• Information shown:
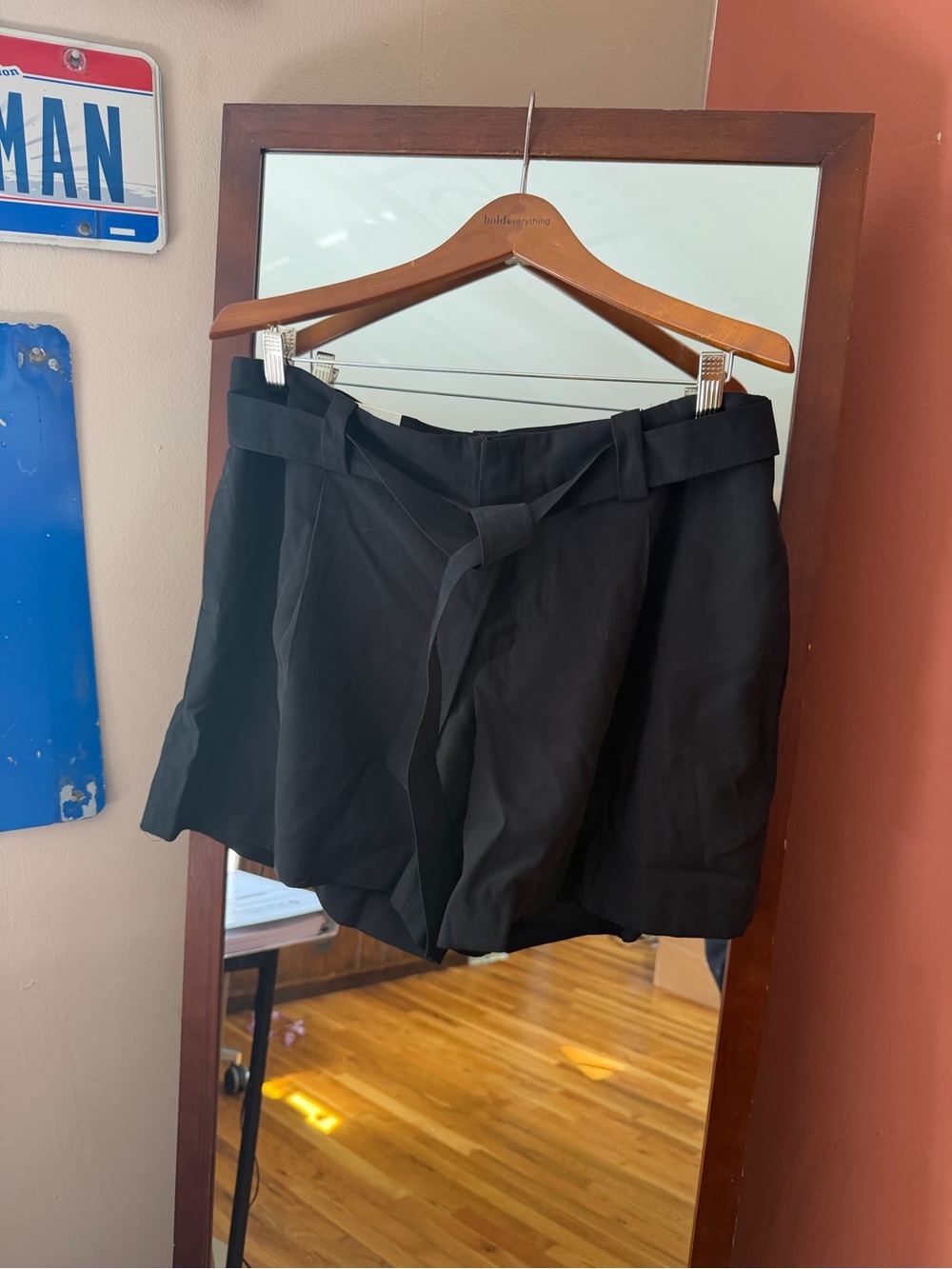 Calvin Klein Black High-Rise Tie-Waist Bermuda Shorts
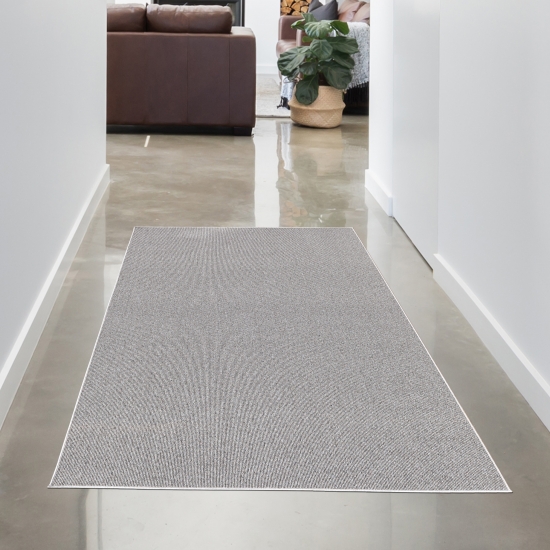 Teppich flach-gewebt für Eingang & Diele • einfarbig in grau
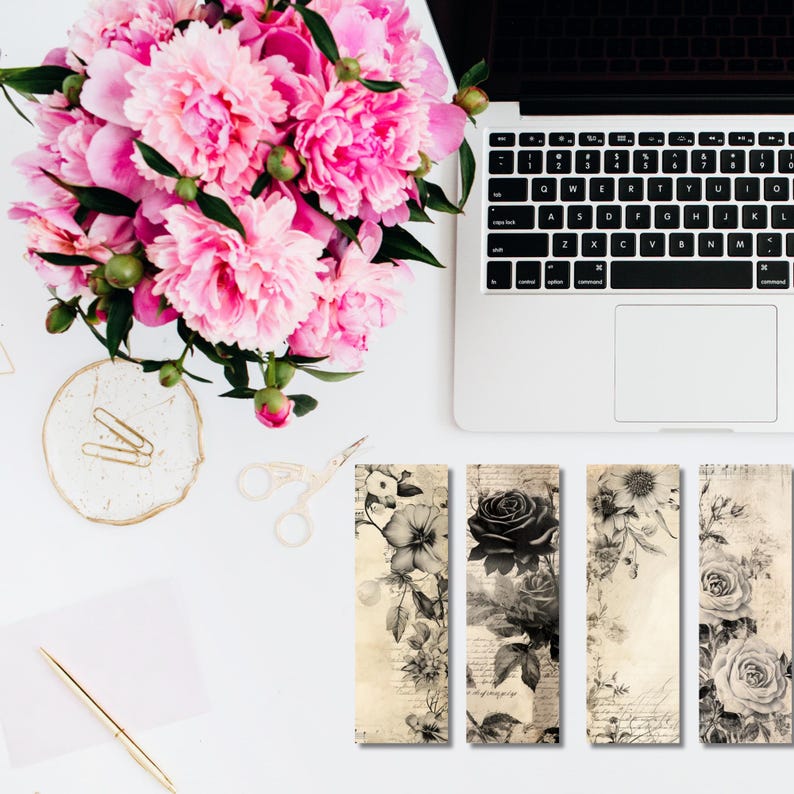 Vintage Floral Printable Bookmarks – Set of 4 (2”x6”) | Instant Digital ...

• The problem:
Quote the data above in full and without alteration; skip the pictures.

• Response below:
 Calvin Klein Black High-Rise Tie-Waist Bermuda Shorts
 Teppich flach-gewebt für Eingang & Diele • einfarbig in grau
 Vintage Floral Printable Bookmarks – Set of 4 (2”x6”) | Instant Digital ...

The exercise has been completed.